Voici la méthode de préservation : « Le ministre de la communication a fait tout ce qui était en son pouvoir pour maintenir les engagements de l’Etat envers la télévision et la radio publiques... Soit une augmentation de 2 %... Cette augmentation ne résout pas pour autant l’équation étroite et compliquée de l’audiovisuel public... A Bercy, on continue de penser que seule l’ouverture de la publicité sur FranceTélévisions permettra de dégager les sommes nécessaires à son développement ».

On note par ailleurs les « départs » comme des signes à prendre en compte. S’ils sont plus apparents que le travail de sape des fondamentaux du service public, les commentaires du Monde (24 août) sont assez caractéristiques de cette mentalité. Ils se focalisent sur la prochaine fin de mandat de Marc Tessier et les problèmes d’audience des chaînes publiques qui expliqueraient à France 2, les démissions de Laurence Bachmann (directrice de la fiction de la 3, en avril dernier), et du directeur des programmes, François Tron.

Ajoutons les commentaires sur la mise à l’écart de Gérard Leclerc, rédacteur en chef du service politique et économique de France 2 et de Daniel Bilalian (Journal de 13 heures), que l’on ne plaint pas, et qui « ne comprend(s) pas » (L’Humanité, 18 juin). « Il faut redonner un peu de crédibilité et de vigueur au service politique  » lui rétorque Arlette Chabot qui reprend « France 2 en main  » (sic) - Le Figaro Economie du 22 juin. Voilà qui a le mérite d’être clair.

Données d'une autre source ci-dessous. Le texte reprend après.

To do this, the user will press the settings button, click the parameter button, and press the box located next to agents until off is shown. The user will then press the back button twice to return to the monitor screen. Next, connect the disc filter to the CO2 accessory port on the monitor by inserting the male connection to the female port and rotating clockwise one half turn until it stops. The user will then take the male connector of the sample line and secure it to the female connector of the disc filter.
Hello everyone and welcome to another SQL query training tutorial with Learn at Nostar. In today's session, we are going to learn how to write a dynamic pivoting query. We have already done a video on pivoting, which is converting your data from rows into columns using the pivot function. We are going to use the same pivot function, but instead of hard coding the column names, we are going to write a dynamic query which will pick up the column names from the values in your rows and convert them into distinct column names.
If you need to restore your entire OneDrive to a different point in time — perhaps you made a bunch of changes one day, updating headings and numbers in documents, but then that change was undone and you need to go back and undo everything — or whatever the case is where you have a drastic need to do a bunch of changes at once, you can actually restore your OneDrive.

 Secteur public / Radio. Même stratégie d’endormissement ? A lire Jean-Paul Cluzel (PDG de Radio France) dans le Figaro du 11 juin, l’on craignait un massacre à la rentrée : « L’audience de France Inter était un "véritable problème" ». Mais la rentrée s’est déroulée, à la grande joie des médias, sans « bruit » ou sans « bouleversement de grille », de manière « fluide » et avec cet objectif peu effrayant de draguer les « jeunes » en gardant les vieux (Les Echos, 26 août).

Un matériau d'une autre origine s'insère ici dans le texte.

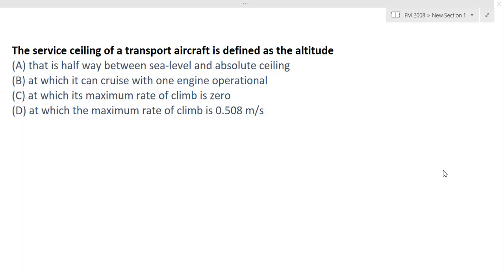Hello friends, I am Samad. I am going to solve GATE Aerospace flight mechanics questions from 2008. This paper had been organized by IISc Bangalore. Here is the first question: the service ceiling of a transport aircraft.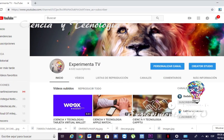Hola mis amigos de Experimenta TV, gracias por visitar Ciencia y Tecnología. El día de hoy te puedo recomendar que también nos escuches en nuestro podcast, que también está por Spotify y otras redes sociales. Además del de Experimenta Radio, también tenemos el de Gugateando, así que disfrútalos, suscríbete y danos un like para que sigamos creciendo en comunidad.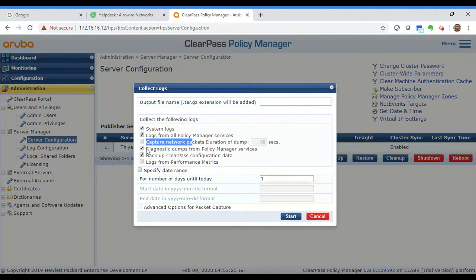Then you have the diagnostic dumps from Policy Manager services. It's good to have this checked because it will collect any core files that are generated for any service that crashed. So always have that checked.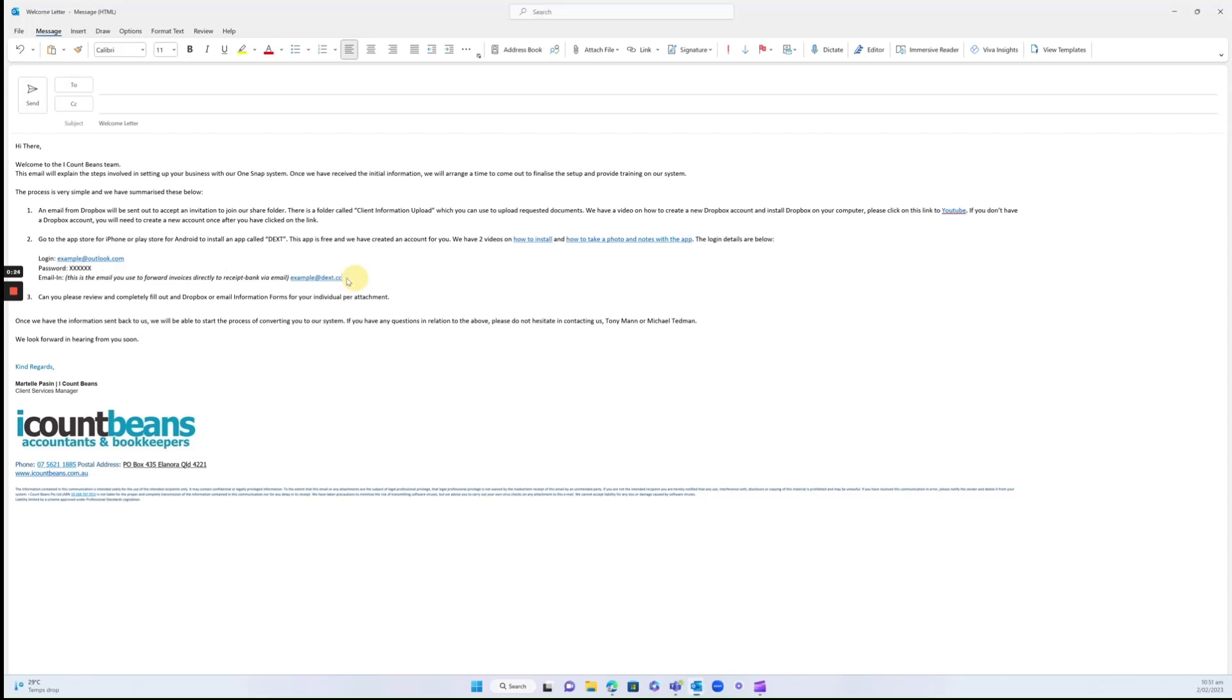This is what we really want to pay attention to, because this is the email address you'll use to forward invoices directly to Dext. We highly recommend you save this email address as a contact in your account.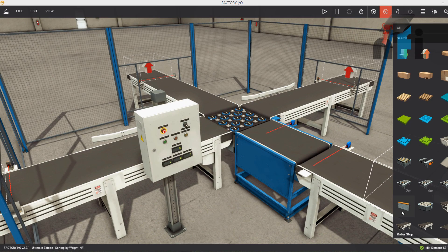Hi guys, welcome to NFI online video tutorials. In this lesson, we are going to learn how to do box sorting based on weight. This was because of a request from one of our students who wants to learn how to sort the boxes based on weight and how to measure the weight of the boxes or any other raw material.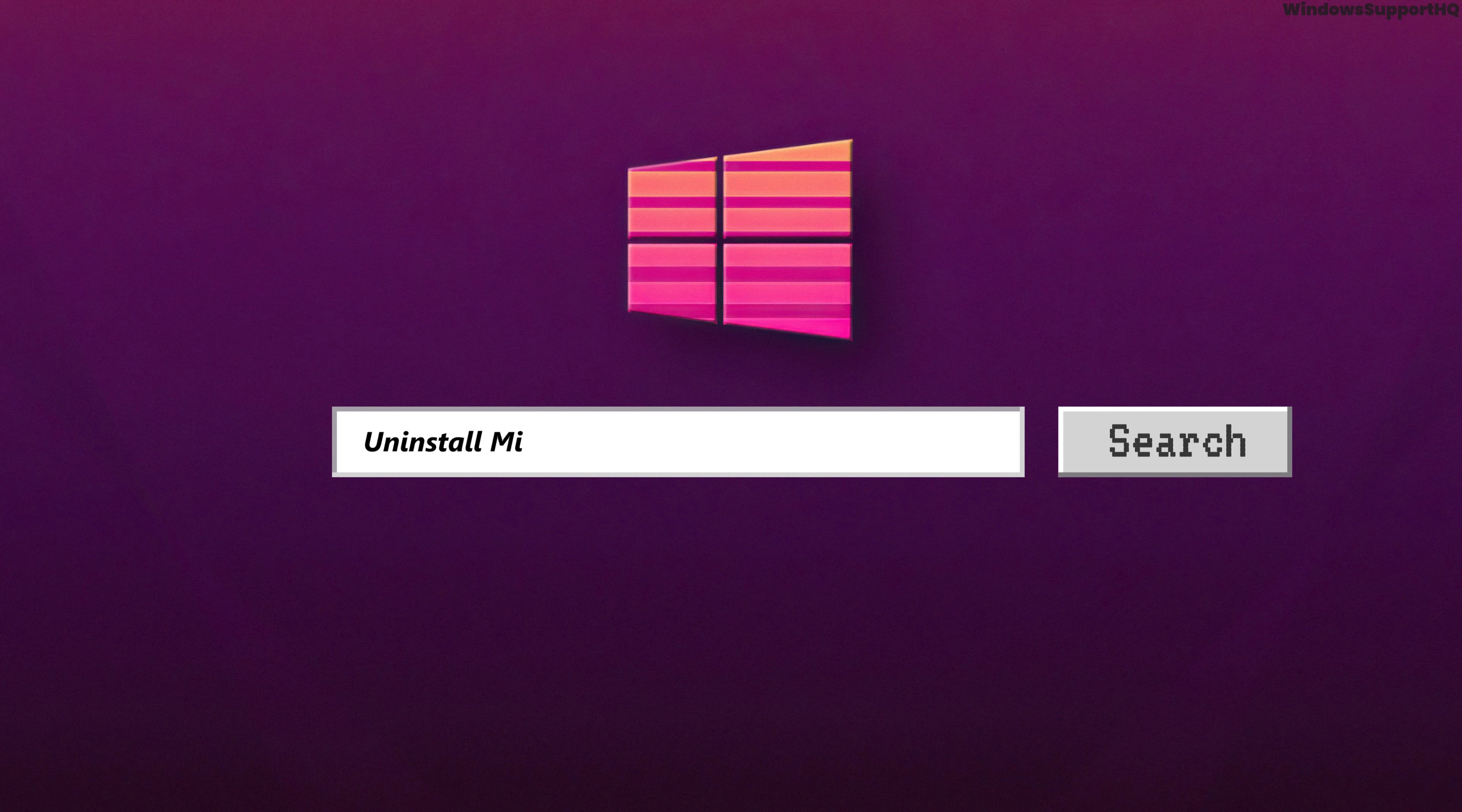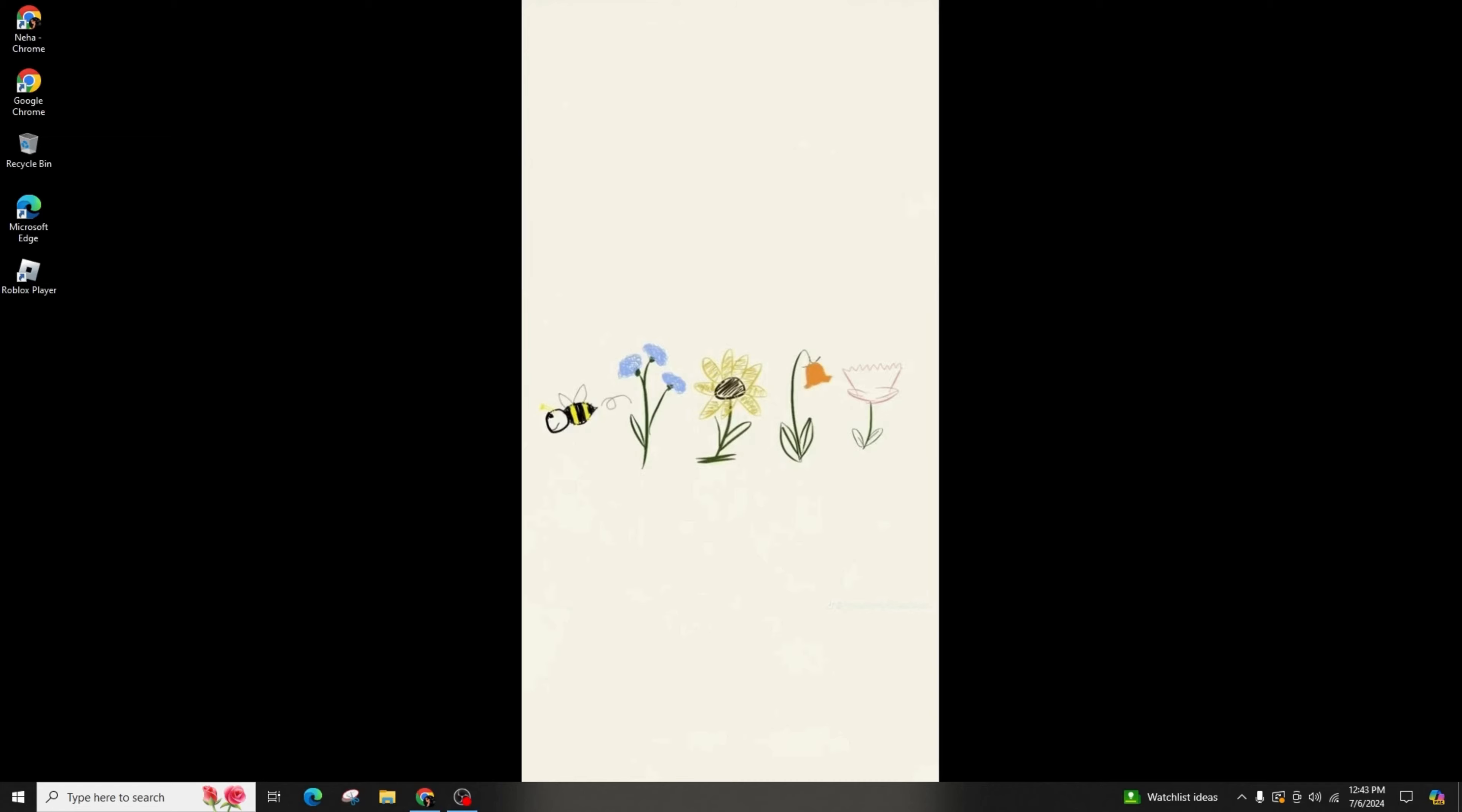How to uninstall Microsoft Office 365 from Windows 10 or 11. Hi everyone, if you're looking to remove Microsoft Office 365, either for reinstallation or due to storage concerns, refer to this instructional video for a quick and effortless guide on uninstalling Office 365.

L’audience des radios généralistes au deuxième trimestre rendue publique le 19 juillet montrait, il est vrai, un média de moins en moins attractif ; des généralistes et des thématiques à la peine ; des musicales qui en profitent.

Quant à France-Culture, L’Humanité constate que la nouvelle grille de rentrée sème le trouble, et cite la lettre ouverte de collaborateurs de chaîne publié ici même(23 juillet).

 Les héros du PAF : Nanisme et ambition). Nos « héros du PAF » sont des nains handicapés, selon Yves de Kerdrel des Echos (20 juillet). Cela commence par une lamentation libérale à faire pleurer dans les succursales des traders : « L’échec des négociations (Dasssault-Bouygues -ndrl) entre ces deux géants français des médias témoigne une nouvelle fois de la difficulté qu’ont les champions français de l’audiovisuel de trouver, dans leurs secteurs des opérations de croissance externe satisfaisante par le prix et la taille  ». Et l’éditorialiste d’analyser cet handicap en trois temps : l’excès de régulation, l’obligation de financer un tiers de la production cinématographique et les « guerres picrocholines », au sujet de la TNT (lire plus bas) jusqu’à l’affrontement des deux bouquets TPS (TF1et M6) et Canalsat.

 L’enjeu des chaînes thématiques. La dernière étude d’audience Mediacabsat l’indique : les petites chaînes du câble et du satellite sont de plus en plus regardées par les dépensiers 4-14 ans.

Or, peu importe que « sur 95 chaînes thématiques très peu soient rentables » selon Le Lay, patron de TF1 (Capital, juillet-août). Cela ne l’empêche évidemment pas d’en collecter, la dernière en date étant Match TV cédée par Lagardère et qu’il va fusionner avec Breizh TV, afin, dit Le Figaro Economie d’en « faire une minigénéraliste agressive qui se renforcera sur le câble et le satellite avant d’aller prendre place sur la TNT  » (1er septembre). Un investissement à moyen terme.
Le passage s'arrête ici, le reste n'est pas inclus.